The Commission has been actively overhauling such legislation over the past five years. Key pieces of recent and proposed legislation, which, if infringed, could give rise to substantive rights to claim against industry include the following.  

  • The Unfair Commercial Practices ?? Directive, which member states were required to implement by 12 December 2007. It bans ‘unfair’ commercial practices towards consumers. These include practices that are contrary to the requirements of professional diligence, materially distort the economic behaviour of the average consumer or are either positively misleading or omit material information. Annex I to the Directive sets out a list of misleading and aggressive commercial practices that will in all circumstances be considered unfair (such as claiming to be a signatory of a code of conduct where this is not the case; describing a product as ‘free’ in circumstances where the consumer in fact has to pay postage costs; advertising directly to children to buy products or to exercise ‘pester power’ etc). A ruling from a national regulator or court that a company had breached these rules may expose that company to civil claims from consumers who had suffered harm as a result.  
  • The Injunctions Directive, which confers rights on nominated consumer rights bodies to bring proceedings in their home country and other member states to prevent (among other things) misleading advertising, unfair commercial practices, the use of unfair contract terms and breaches of EU rules on consumer credit, package travel, medicinal products for human use, distance selling and e-commerce. Although consumers may not recover damages in the course of any such claim, a successful injunction application may expose the trader in question to civil claims from individual consumers as above.  
  • The draft Consumer Rights Directive, which, if adopted, will harmonise EU consumer contract law by bringing together the existing Directives on Doorstep Selling, Unfair Contract Terms, Distance Selling and the Sale of Goods and Associated Guarantees. Again, a successful prosecution for breaches of these rules may give rise to consumer claims, which could be brought by way of group action if new collective redress procedures are indeed put in place as a result of the current consultation.  

The future  

In some ways, the option four-type proposals, if adopted, may prove to be a positive development for those businesses that respect the law, in that they will help eliminate unfair competition from those that do not. However, reforms in the field of consumer protection usually increase the regulatory burden on industry and the adoption of the type of class action mechanism advocated by many consumer groups and regulators would probably increase litigation risk for businesses that deal with, or provide products and services for, consumers.  
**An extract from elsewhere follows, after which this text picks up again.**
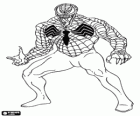 Venom is a symbiote life form and one of the Spider-Man archenemies
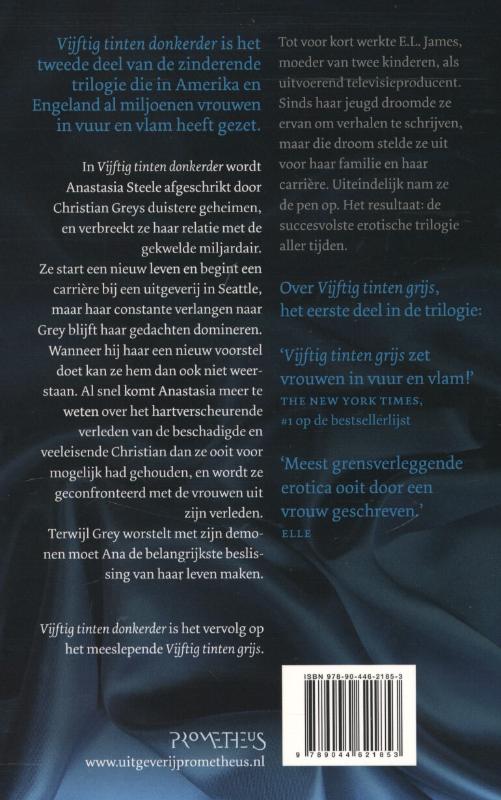 Vijftig tinten donkerder / Vijftig Tinten / 2 Vijftig tinten donkerder / Vijftig Tinten / 2 achterkant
The Commission intends to publish the results of the consultation by the summer and a White Paper setting out concrete proposals for reform is likely to follow before the end of 2009 (although European Parliamentary and Commission elections this year may have an impact on the timetable). Given the polarisation of views, it is hard to predict which way it will jump, but consumer products and retail companies should watch the debate closely.